= WHAT NEEDS TO BE DONE =
Word for word, copy the line that contains "Universal Heavy-Duty PU" and each line after it in the data below. Pictures stay out of the copy.

= STORED DATA =
______
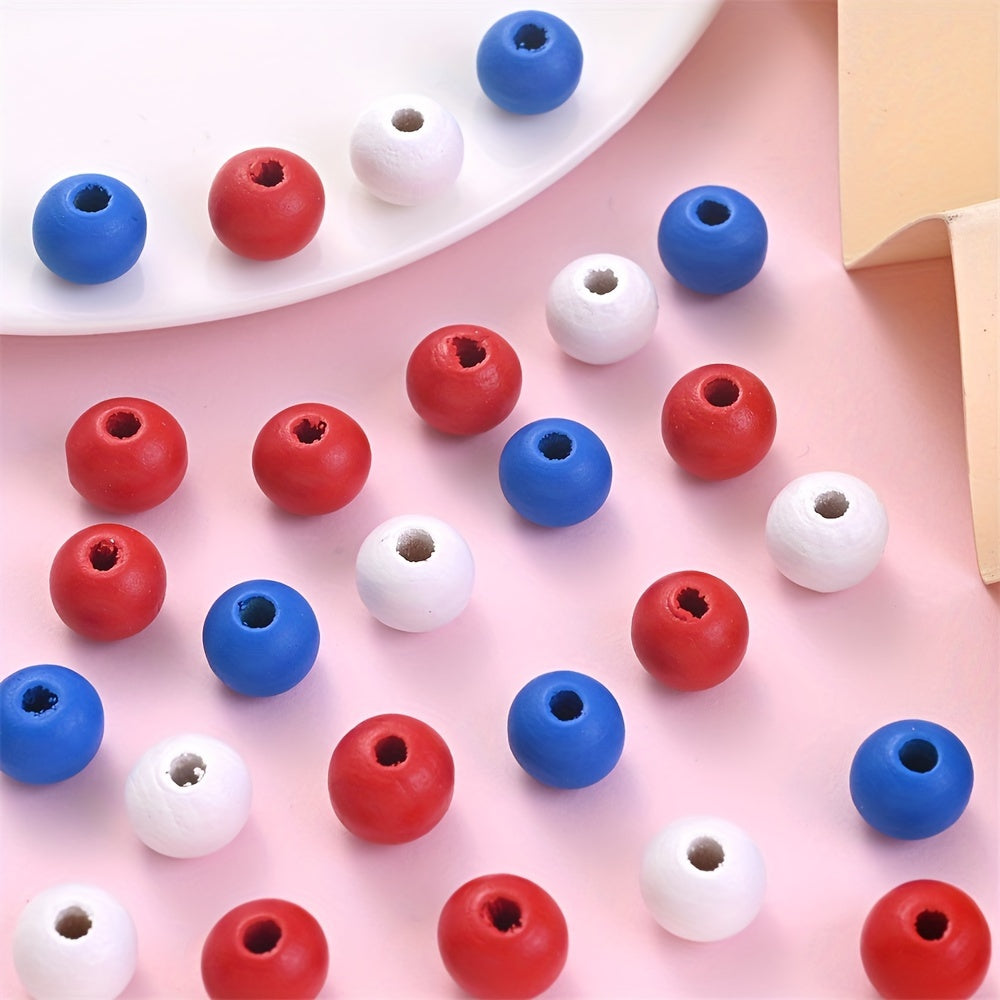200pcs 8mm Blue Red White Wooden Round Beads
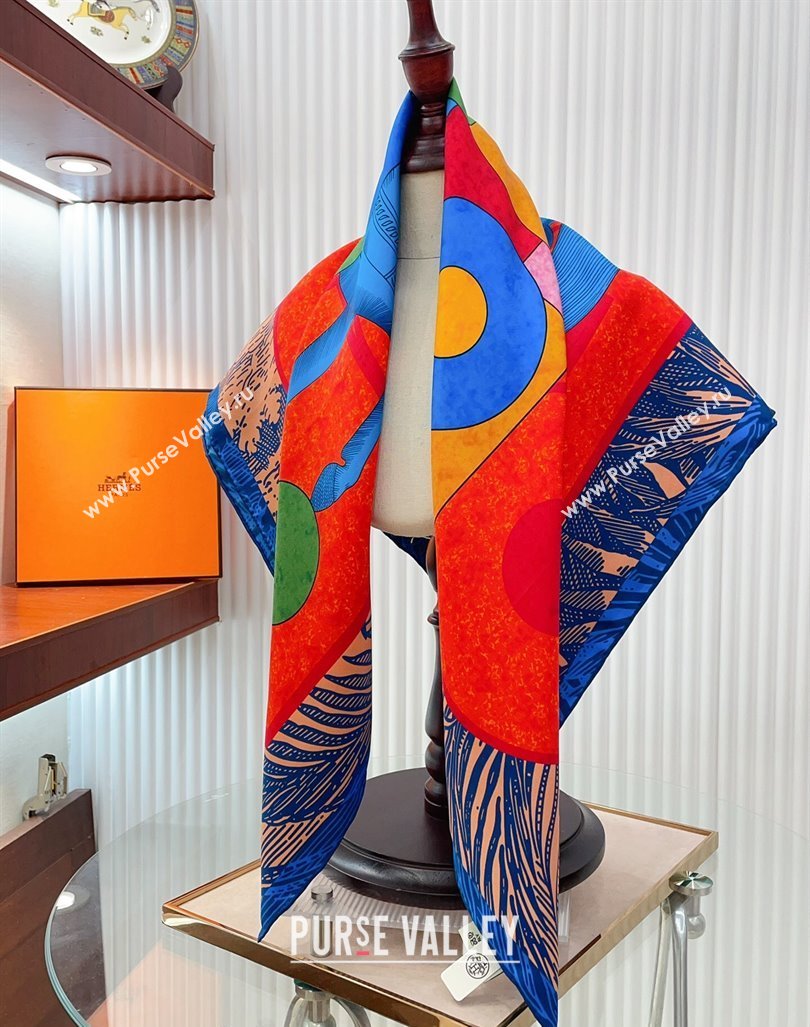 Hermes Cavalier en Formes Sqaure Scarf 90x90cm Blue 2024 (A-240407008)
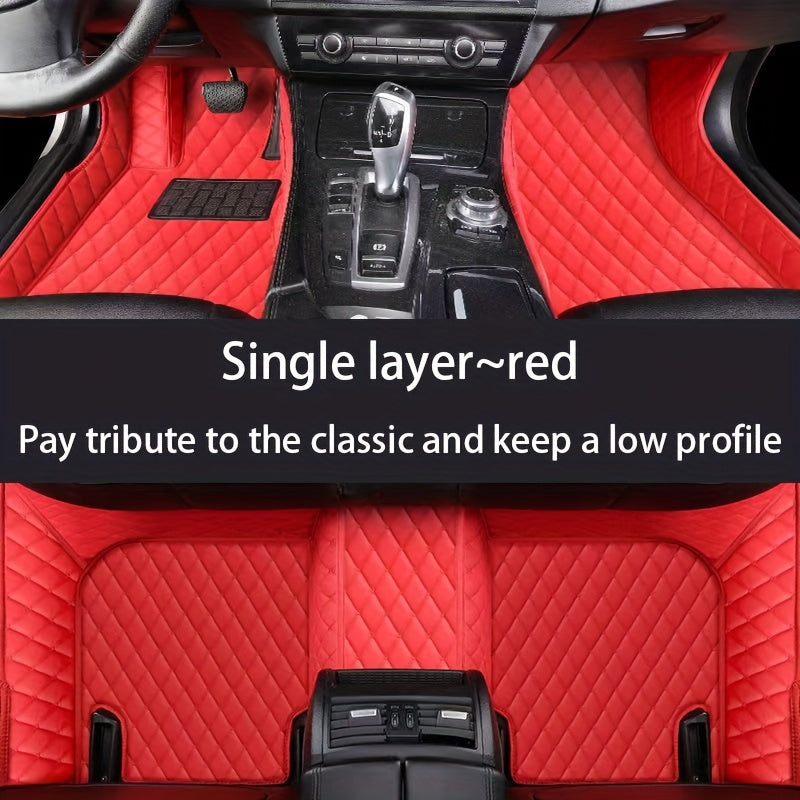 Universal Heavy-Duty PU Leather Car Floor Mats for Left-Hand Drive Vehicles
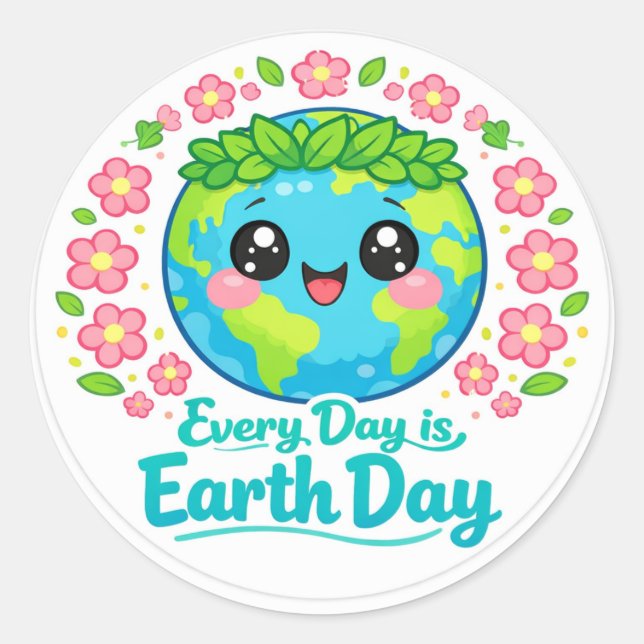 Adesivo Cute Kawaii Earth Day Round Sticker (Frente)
______
= WRITTEN SOLUTION =
 Universal Heavy-Duty PU Leather Car Floor Mats for Left-Hand Drive Vehicles
 Adesivo Cute Kawaii Earth Day Round Sticker (Frente)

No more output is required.